“Some people complained of nausea and headaches,” Cutrer said of Livingston. The same has been true in East Palestine. 

Wary residents in both towns turned to bottled water as officials scrambled to reduce the risk that hazardous materials would contaminate groundwater. 

“They were very upset. They were having meetings all over the place,” Cutrer said of Livingston residents. “Air quality and water — that’s what the conversations were about. They were afraid to drink the water.” 

Earlier this week in East Palestine, Gov. Mike DeWine and Environmental Protection Agency Administrator Michael Regan drank the local tap water in public to assure residents it was safe.

That demonstration only proves the water is safe to drink today. Regular water monitoring, something implemented for decades in Livingston, will be needed, said Abinash Agrawal, a professor of environmental sciences at Wright State University in Ohio. 

“We don’t know how much vinyl chloride seeped into the ground,” Agrawal said. “Once it gets into the ground, it will travel.” 

Agrawal said it could take months or longer to create a detailed, three-dimensional map of where the toxic chemicals entered the ground and if and how they’re spreading at the East Palestine site. It’s possible that seeping chemicals could travel toward East Palestine’s public well sites, Agrawal said, adding that more data and field evidence are needed to evaluate that risk to drinking water. Cleaning a contaminated aquifer could take five to 10 years, Agrawal said.

Years of environmental testing and legal wrangling likely lie ahead. At least 14 lawsuits have been filed over the derailment impacts in the East Palestine area.

In the weeks after the Livingston derailment, local attorneys filed a class-action lawsuit against Illinois Central Gulf Railroad, according to Calvin Fayard Jr., an attorney who led the coalition.

The class action, which was settled in 1985, ultimately guided the cleanup and recovery process and reshaped the town.

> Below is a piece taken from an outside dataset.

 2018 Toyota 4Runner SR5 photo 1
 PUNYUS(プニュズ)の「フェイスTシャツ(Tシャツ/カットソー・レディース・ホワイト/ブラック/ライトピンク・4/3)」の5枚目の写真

The $39 million settlement paid out more than 3,000 residents, created a commission to make decisions about the recovery and set aside funds to pay for long-term impacts.

Image: Flames and smoke rise from the Livingston, La., train derailment in 1982.
Flames and smoke rise from the Livingston, La., train derailment in 1982.Environmental Protection Agency

The settlement provided funding for 30 years of regular water monitoring and established a fund to maintain a health clinic in Livingston, where residents could get a physical and blood testing each year for contaminants. The clinic remains standing.

Some damages were handled separately. A jury awarded nearly $3 million to Terry Wisner, a state police officer who responded to the derailment and later developed headaches, difficulty swallowing and shortness of breath. Wisner retired at age 38 due to his symptoms.

The town’s environmental recovery became a prolonged affair. 

As part of the remediation, workers dug out affected soil to a depth of 50 feet and replaced it, Fayard said. They also pumped out contaminated water. Additional remediation efforts against perchloroethylene, a solvent used in dry cleaning, continued into the 2010s.

Aside from cases involving first responders, Bennett said he was not aware of lawsuits in which Livingston residents years later claimed that long-term health problems stemmed from chemical exposures. Testing never identified specific concerns, though many residents skipped visits to the clinic.  

“Taking that annual free visit for toxic monitoring just was not on people’s high-priority list,” Bennett said. “In retrospect, it would have been an outstanding opportunity for a long-term clinical study.”

Contaminants did spread gradually in the soil and groundwater, but within acceptable limits.